*** Source data ***
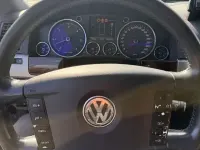 Usata VW Touareg 313 CV (230 kW) 2005 SUV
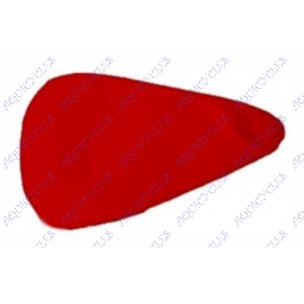 COUVRE SELLE ROUGE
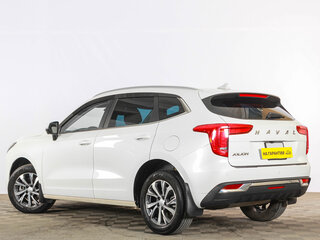2023 Haval Jolion I, белый, 1589000 рублей, вид 4
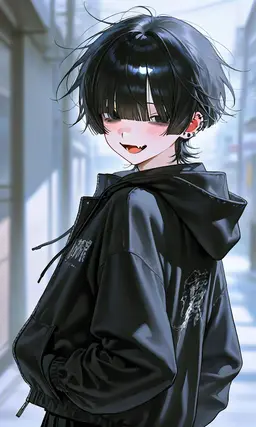 Profile image of 星夜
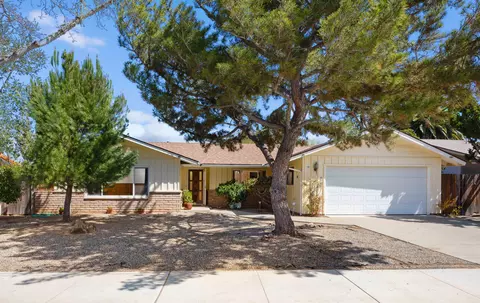 148 3rd, Solvang, CA 93463 photo 1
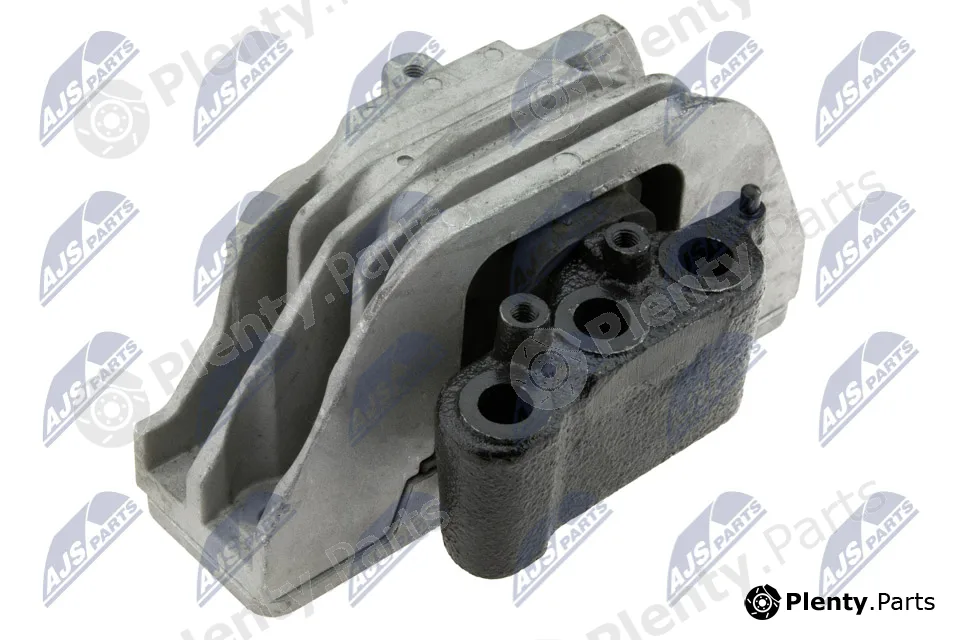 NTY ZPS-CH-103 — Mounting, engine
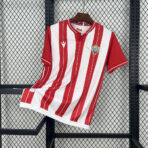 Almeria Home 2025-26 Fan Edition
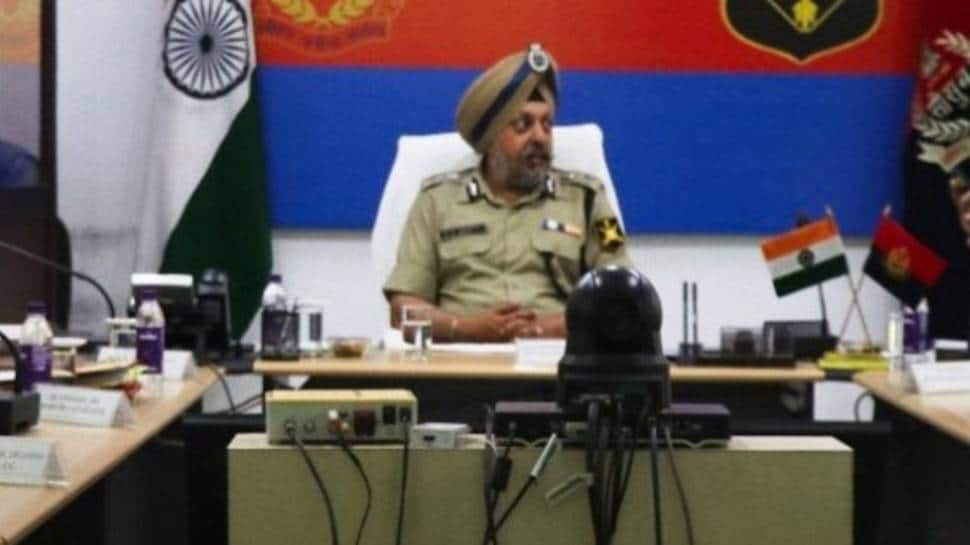 Senior IPS Rajwinder Singh Bhatti appointed new Bihar DGP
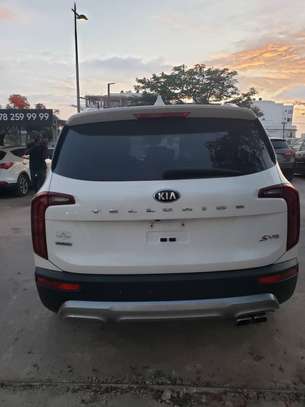KIA TELLURIDE 2020 S ESSENCE image 12
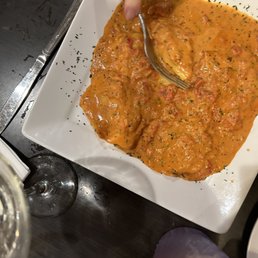 Lobster Ravioli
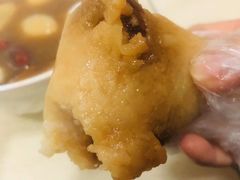 -罗子龙罗家桂花汤圆(曹都巷店)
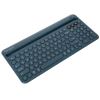 Targus PKB86702US keyboard Bluetooth QWERTY English Blue5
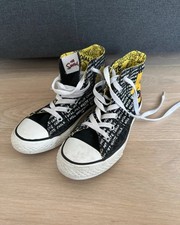 Neu kinder converse gebraucht kaufen  Nickenich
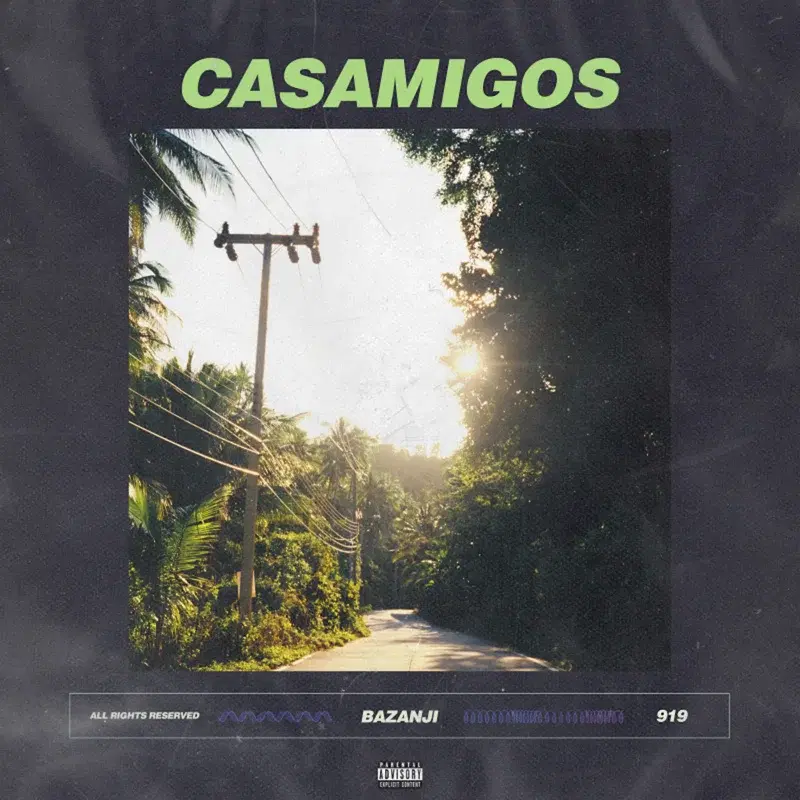 Casamigos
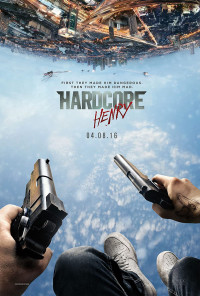 Mật Mã Henry | Hardcore Henry (2016) Mật Mã Henry | Hardcore Henry (2016)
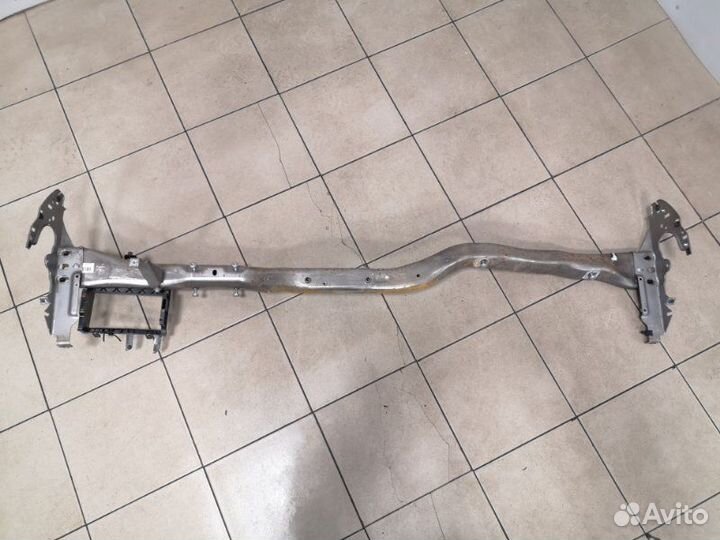 Усилитель торпеды Volkswagen Transporter T5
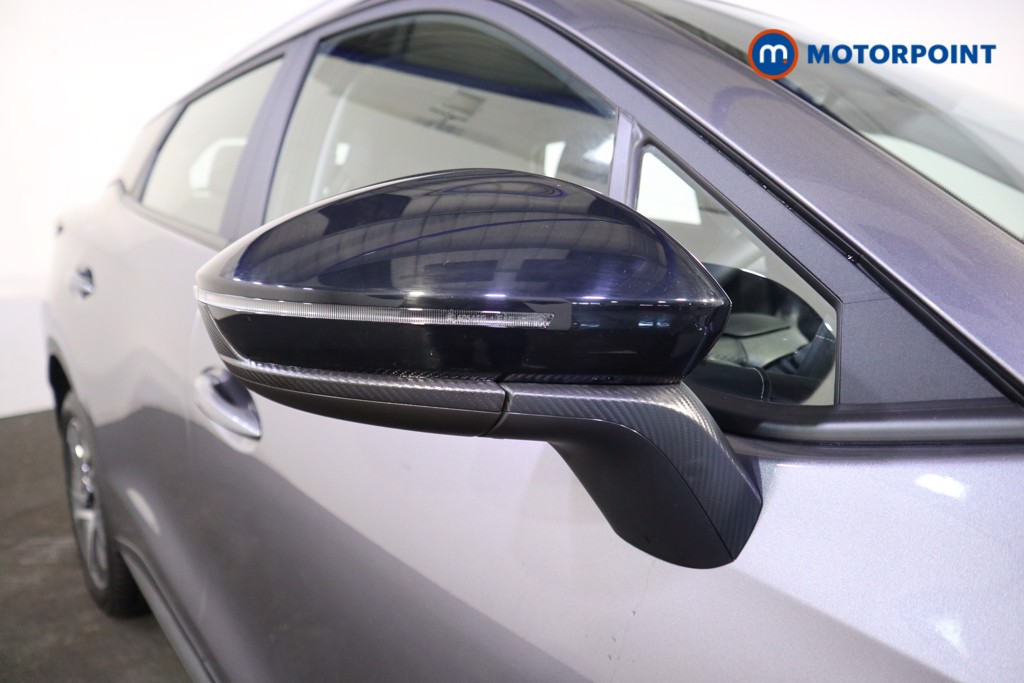 Omoda 5 Comfort Automatic Electric SUV - Stock Number (1598466) - 24th supplementary image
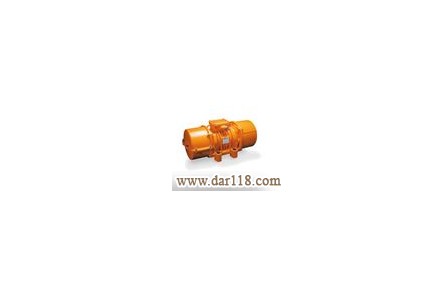 موتور ویبره - 2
***
◆ **Work instructions**:
Return the entries above exactly, skipping any images.

◆ **Answer**:
 Usata VW Touareg 313 CV (230 kW) 2005 SUV
 COUVRE SELLE ROUGE
2023 Haval Jolion I, белый, 1589000 рублей, вид 4
 Profile image of 星夜
 148 3rd, Solvang, CA 93463 photo 1
 NTY ZPS-CH-103 — Mounting, engine
 Almeria Home 2025-26 Fan Edition
 Senior IPS Rajwinder Singh Bhatti appointed new Bihar DGP
KIA TELLURIDE 2020 S ESSENCE image 12
 Lobster Ravioli
 -罗子龙罗家桂花汤圆(曹都巷店)
 Targus PKB86702US keyboard Bluetooth QWERTY English Blue5
 Neu kinder converse gebraucht kaufen  Nickenich
 Casamigos
 Mật Mã Henry | Hardcore Henry (2016) Mật Mã Henry | Hardcore Henry (2016)
 Усилитель торпеды Volkswagen Transporter T5
 Omoda 5 Comfort Automatic Electric SUV - Stock Number (1598466) - 24th supplementary image
 موتور ویبره - 2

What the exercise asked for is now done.